I called local store with co2 cylinders, and they have a tank that's 20lb. It is the smalles that they've got. Isn't that too big?

18" high and 6,5" diameter [I can fit it under my stand...

thx!
matt


----------



## Sudi (Feb 3, 2005)

Ok, I know that...
I got the answer from a friend.
I have another question which diffuser is better:
- limestone [wood diffusor]
- The thing that looks like a ladder

Maybe something else?

*Edit: Tank is 75G.*
thx!


----------



## turbomkt (Mar 31, 2004)

Are you sure it will fit? Don't forget you have to have clearance for the regulator as well. And unlike other gases, CO2 is liquid under pressure and the tank can't be tilted past a certain angle.

You may want to check out the tanks at http://www.beveragefactory.com.


----------



## jgc (Jan 30, 2006)

My stand is custom, but large enough for my cylinder - will try to measure it tonight. While you can not tilt the cylinder, the regulator can be mounted flat - although to be honest, I do not think the guage on mine stands much above the valve.

FWIW, I priced used 20lb cylinders at a used resturant equipment store last week for $25 (here in Austin, TX). They can be found very inexpensive.

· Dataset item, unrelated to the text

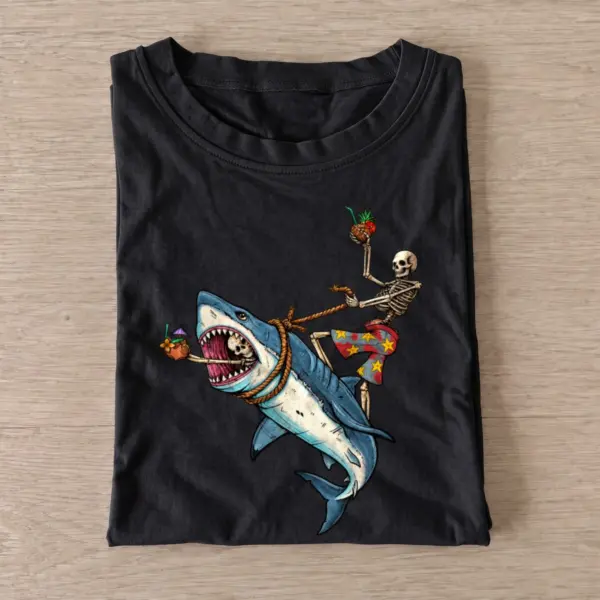 Tropical shark ride t shirt black20tropical shark ride.webp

Here are a few pics of my set up to give you an idea of size - the tank is 36x21 (18 deep)


----------



## lemcc (Dec 19, 2005)

limestone [wood diffusor]
The thing that looks like a ladder

for 75 you may be better off with a pump driven diffusor
i have a 20lb tank if you have room for it cost me $20 to fill 
a 10lb cost $15


----------



## John N. (Dec 11, 2005)

wood diffusor or a sweetwater stone from aquaticeco.com.

-John N.


----------



## Sudi (Feb 3, 2005)

Thank you a lot, you are great 
Fast answer, just what I needed 

If I don't put it inside the stand, then I can always put it next to it, in a corner...

matt


----------



## Laith (Sep 4, 2004)

jgc, what's in that white bucket? looks like a cannister filter?

Let me know which type it is that leaks enough to need a bucket. That way I'll know what never to buy!  

Seriously, if it is leaking, take it back. A good cannister filter should never leak.

Sorry for going off track here...


----------



## jgc (Jan 30, 2006)

It is an eheim 2217 in an antique crock of my great grandmothers. I have a few crocks arround the house, along with other antiques. I keep my ferts in another (smaller) one. Purpose was to hide the eheim, not catch a leak. 

That said, I had been "experimenting" a bit with some plumbing and the crock actually has caught some water - once when I had a hose come off they hydor, and once when I blew out the eheims pressure relief valves (did not even know they had them...) 

Basically was trying to plumb the eheim into my tap/sewer to speed up water changes. I could valve the eheim to pump to the drain. When I switched the valves to have the tap run out the spraybar, the backpressure blew the top right off the eheim. Luckily I had spare clips... Crock caught about a gallon of water has I turned off the faucet.

Anyway, the stand is 29" between shelves - with less than 1" of wiggle room for the canister (and you need that to tilt it into place).


----------